**What you should do:** In your copy, include every record exactly and no pictures.

**Records provided:**
==========

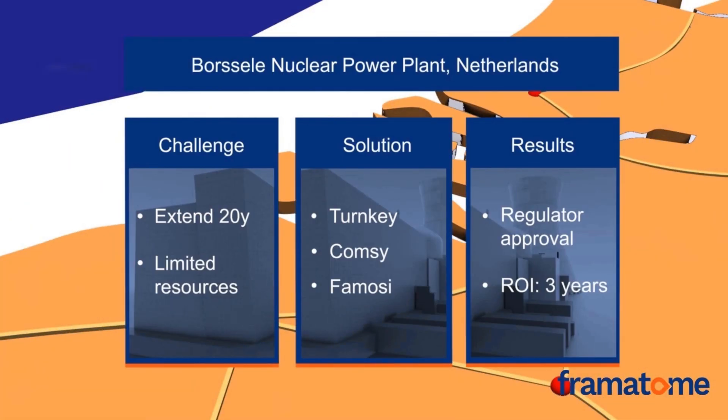Borsala is a striking success of our long-term operation offering. A small utility with limited resources operates this plant, and they wanted to extend the life of the plant beyond its design life. Framatome developed a turnkey solution proposed by experts in the mechanical, electrical, and I&C field, supported by application of our KUMSI software suite and the fatigue monitoring system FOMOSI. The results shown here prove our success: approval from the regulator and a three-year return on investment, leading to the extension of Borsala's operating license.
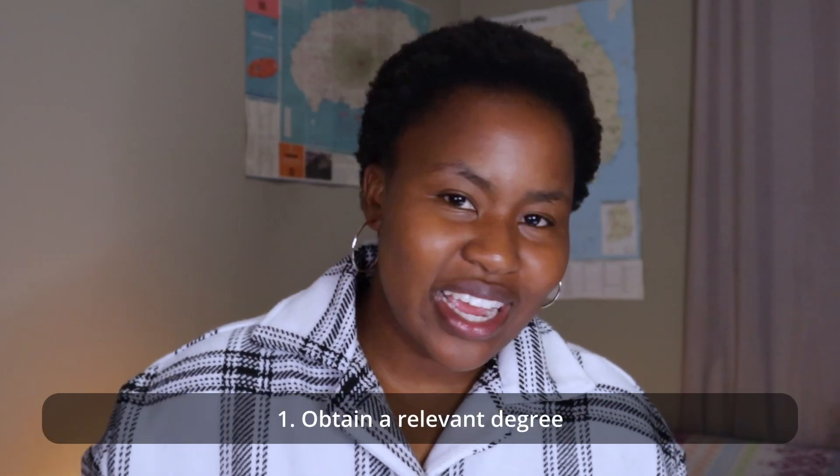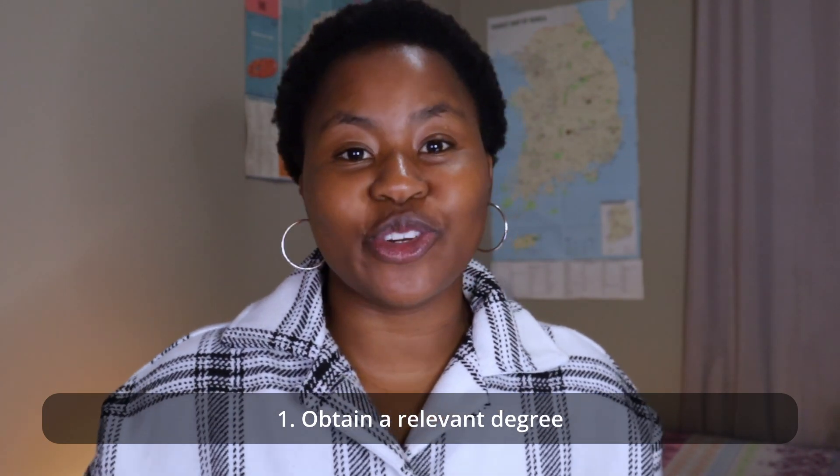To become an environmental scientist in South Africa, we're going to go through this step by step. Number one: you need to obtain a relevant degree. Obviously to become a scientist you need to go to school. I've talked about studying environmental sciences at Wits and also done a video for studying environmental sciences at UP. Number one, you need a bachelor's degree in environmental sciences, biology, chemistry, ecology, or related fields — this includes a BA in environmental management, a BSc in environmental management, or any science-related degree.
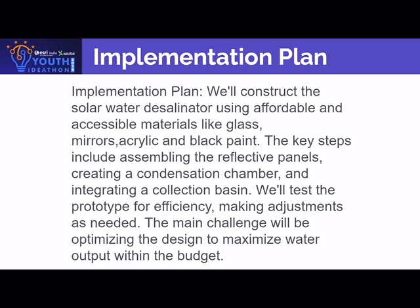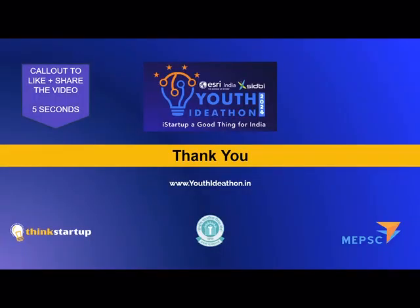We will test the prototype for efficiency, making adjustments as needed. The main challenge will be optimizing the design to maximize water output within the budget. Thank you everyone for tuning in.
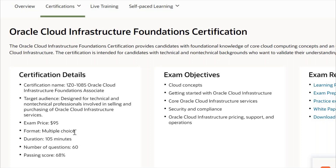Today I'm going to tell you what you should study to clear the Oracle Cloud Infra Foundation Certificate in a very easy way. This certificate name is IZ0-1085 and the exam price is $1.95, which is currently free of cost. It is just a basic beginner exam.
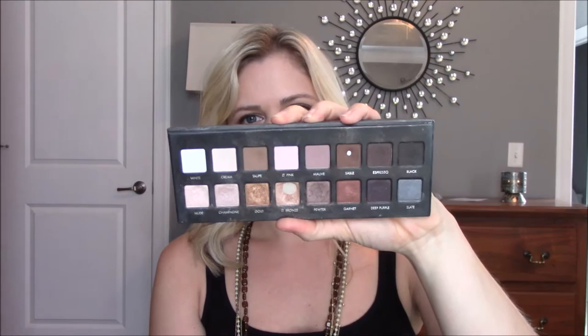The first thing I want to talk about is the LA Roque Pro palette. If I lost all of my makeup, this would be the eyeshadow palette I would go get immediately. This palette is awesome — it has mattes and shimmers on the bottom, and you can create natural looks, neutral looks, smoky looks, and dramatic looks. This palette can do anything.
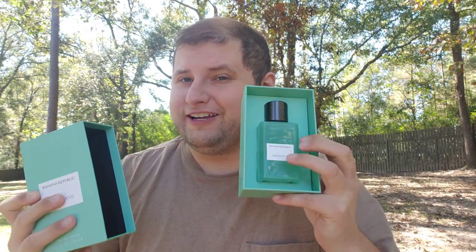Let's talk about the presentation really fast. They really stepped up the game with the new Icon line — it's almost like a Nishane fragrance. The presentation is quite solid. You do get a little bit less juice; they're 2.5 ounces.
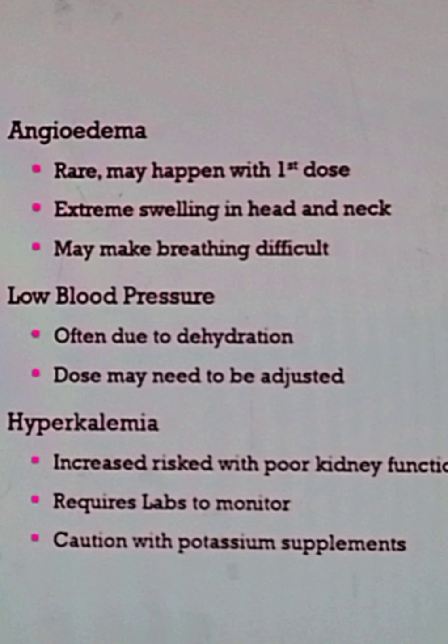Serious effects of Lisinopril are very rare but very dangerous. These include extreme swelling in the head, neck, and throat, which can make breathing very difficult. In that serious case, you should go to the hospital immediately.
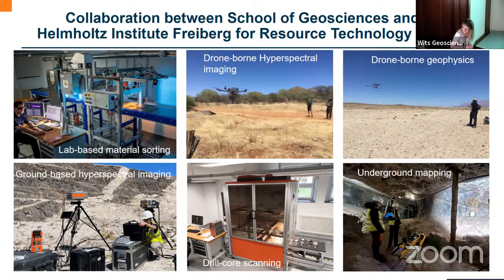Some of the other work that we do is specifically in mineral exploration, and with this we focus on non-invasive technologies. This encompasses drone-borne hyperspectral imaging, drone-borne geophysics like magnetics and radiometrics, ground-based hyperspectral scanning, drill core hyperspectral scanning, and our latest topic is underground mine mapping where we use robots to better map the mine.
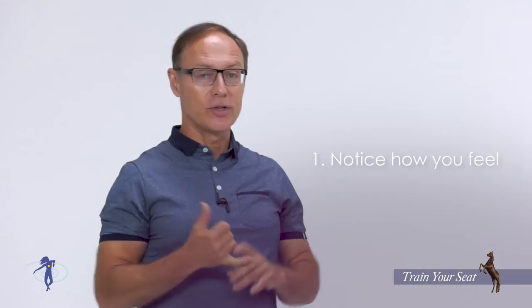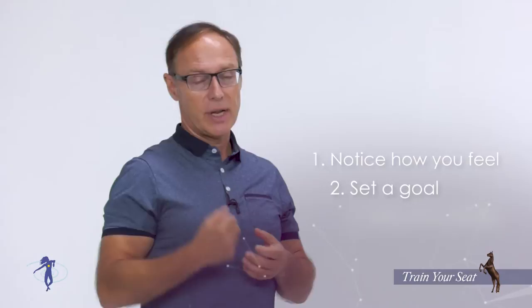The first step if you want to create change is noticing where you're at very honestly. That's what you start with, then you set yourself a goal. Third step, get into action. You've got to practice it.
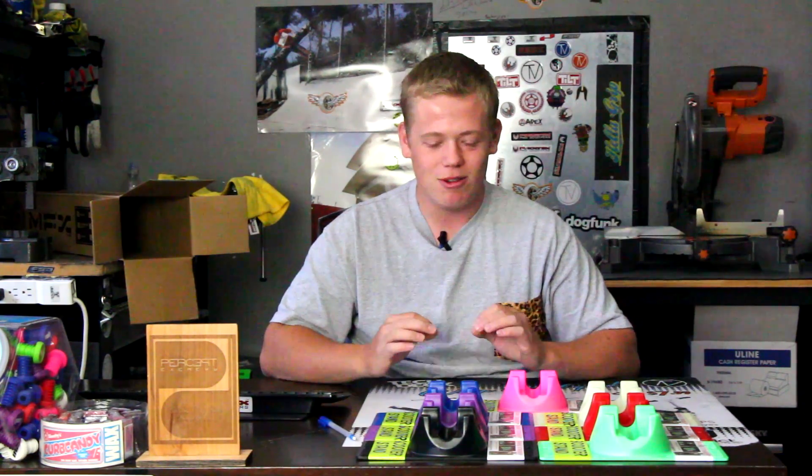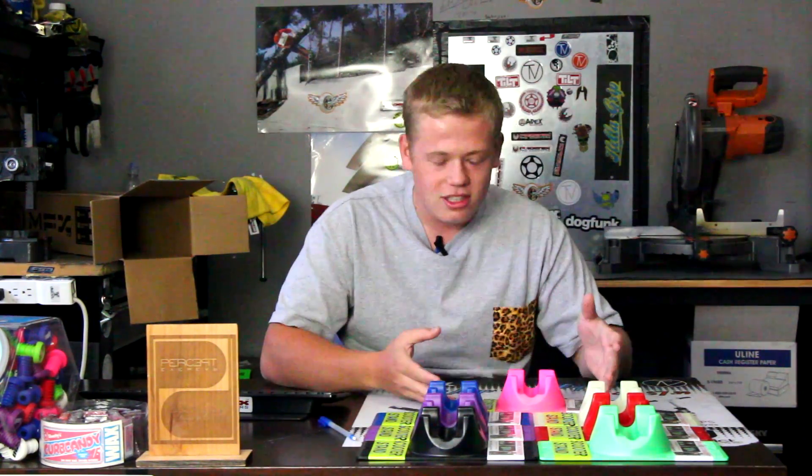Today we're going to be reviewing the outstanding, incredible scooter stand designed by NASA. These stands use a proprietary carbon fiber laced with Versace 24 karat gold. The reason you cannot see the gold is because they covered it with these beautiful colors, because otherwise you'd get jacked for them.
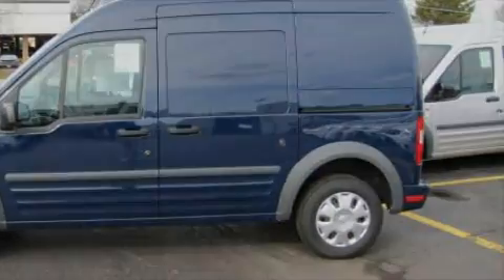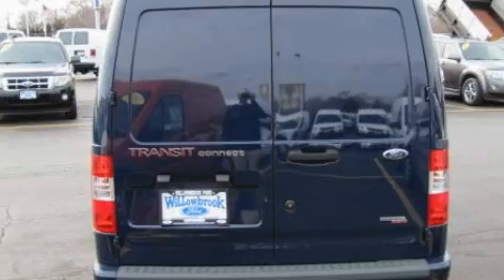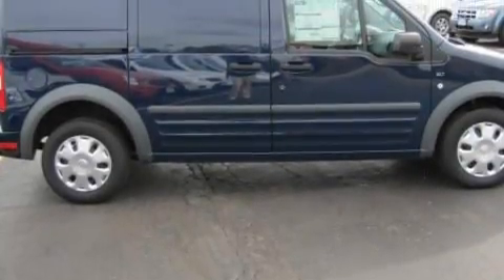Its top features include a CD player, a low-tire pressure indicator, and an anti-lock braking system, and it's easy to see why this automobile is an excellent choice.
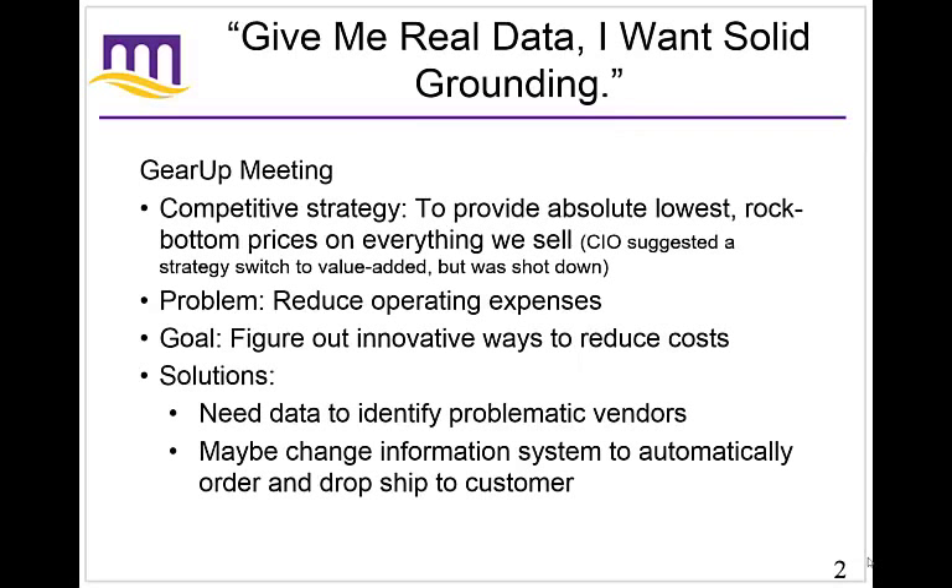At the beginning of Chapter 3, there is an ongoing case called GearUp, which is a sports site that creates little auctions to sell products they get from vendors. During one of their meetings, it becomes very clear that the CEO says their strategy is to provide the absolute lowest rock-bottom prices on everything they sell. The CIO was trying to suggest a switching strategy, but that's a major change in how the business operates, so the CEO said no — this is their focus.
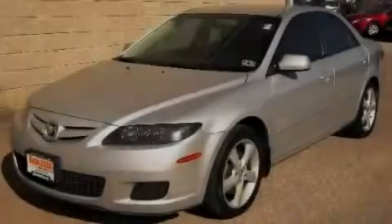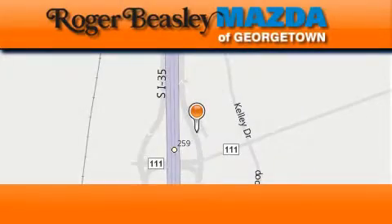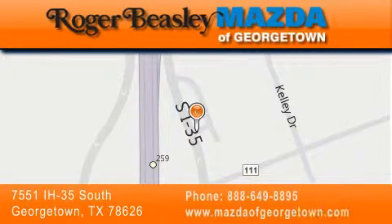Stop by today and test drive this automobile for yourself. Mazda of Georgetown is located at 7551 Interstate Highway 35 South in Georgetown. Our goal is to exceed all of your expectations to ensure that you'll return for future visits.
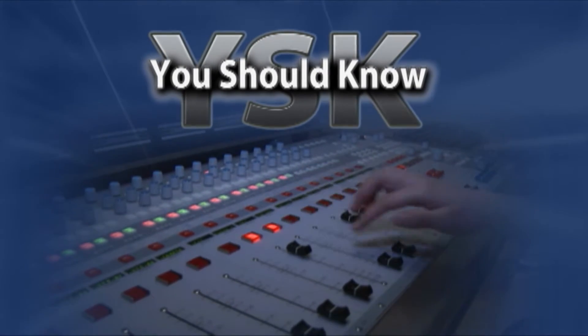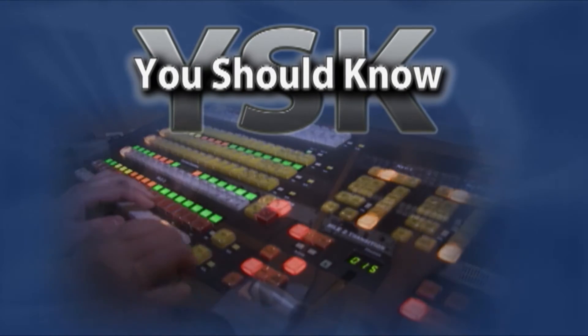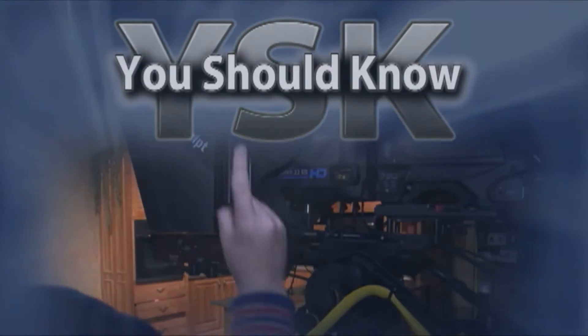From the studios of KENW on the campus of Eastern New Mexico University, it's You Should Know, featuring the people and events of Eastern New Mexico and West Texas. With me now is Dr. James Murphy. Dr. Murphy is a board-certified comprehensive ophthalmologist, and we're in the age where everybody is looking at a screen of some sort, either a smartphone or their computer at work, and we want to talk about eye strain. Tell me a little about yourself and your background in ophthalmology.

==========

**Answer:**
Borsala is a striking success of our long-term operation offering. A small utility with limited resources operates this plant, and they wanted to extend the life of the plant beyond its design life. Framatome developed a turnkey solution proposed by experts in the mechanical, electrical, and I&C field, supported by application of our KUMSI software suite and the fatigue monitoring system FOMOSI. The results shown here prove our success: approval from the regulator and a three-year return on investment, leading to the extension of Borsala's operating license.
To become an environmental scientist in South Africa, we're going to go through this step by step. Number one: you need to obtain a relevant degree. Obviously to become a scientist you need to go to school. I've talked about studying environmental sciences at Wits and also done a video for studying environmental sciences at UP. Number one, you need a bachelor's degree in environmental sciences, biology, chemistry, ecology, or related fields — this includes a BA in environmental management, a BSc in environmental management, or any science-related degree.
We will test the prototype for efficiency, making adjustments as needed. The main challenge will be optimizing the design to maximize water output within the budget. Thank you everyone for tuning in.
Today I'm going to tell you what you should study to clear the Oracle Cloud Infra Foundation Certificate in a very easy way. This certificate name is IZ0-1085 and the exam price is $1.95, which is currently free of cost. It is just a basic beginner exam.
The first thing I want to talk about is the LA Roque Pro palette. If I lost all of my makeup, this would be the eyeshadow palette I would go get immediately. This palette is awesome — it has mattes and shimmers on the bottom, and you can create natural looks, neutral looks, smoky looks, and dramatic looks. This palette can do anything.
Let's talk about the presentation really fast. They really stepped up the game with the new Icon line — it's almost like a Nishane fragrance. The presentation is quite solid. You do get a little bit less juice; they're 2.5 ounces.
Serious effects of Lisinopril are very rare but very dangerous. These include extreme swelling in the head, neck, and throat, which can make breathing very difficult. In that serious case, you should go to the hospital immediately.
Some of the other work that we do is specifically in mineral exploration, and with this we focus on non-invasive technologies. This encompasses drone-borne hyperspectral imaging, drone-borne geophysics like magnetics and radiometrics, ground-based hyperspectral scanning, drill core hyperspectral scanning, and our latest topic is underground mine mapping where we use robots to better map the mine.
The first step if you want to create change is noticing where you're at very honestly. That's what you start with, then you set yourself a goal. Third step, get into action. You've got to practice it.
Today we're going to be reviewing the outstanding, incredible scooter stand designed by NASA. These stands use a proprietary carbon fiber laced with Versace 24 karat gold. The reason you cannot see the gold is because they covered it with these beautiful colors, because otherwise you'd get jacked for them.
Its top features include a CD player, a low-tire pressure indicator, and an anti-lock braking system, and it's easy to see why this automobile is an excellent choice.
At the beginning of Chapter 3, there is an ongoing case called GearUp, which is a sports site that creates little auctions to sell products they get from vendors. During one of their meetings, it becomes very clear that the CEO says their strategy is to provide the absolute lowest rock-bottom prices on everything they sell. The CIO was trying to suggest a switching strategy, but that's a major change in how the business operates, so the CEO said no — this is their focus.
Stop by today and test drive this automobile for yourself. Mazda of Georgetown is located at 7551 Interstate Highway 35 South in Georgetown. Our goal is to exceed all of your expectations to ensure that you'll return for future visits.
From the studios of KENW on the campus of Eastern New Mexico University, it's You Should Know, featuring the people and events of Eastern New Mexico and West Texas. With me now is Dr. James Murphy. Dr. Murphy is a board-certified comprehensive ophthalmologist, and we're in the age where everybody is looking at a screen of some sort, either a smartphone or their computer at work, and we want to talk about eye strain. Tell me a little about yourself and your background in ophthalmology.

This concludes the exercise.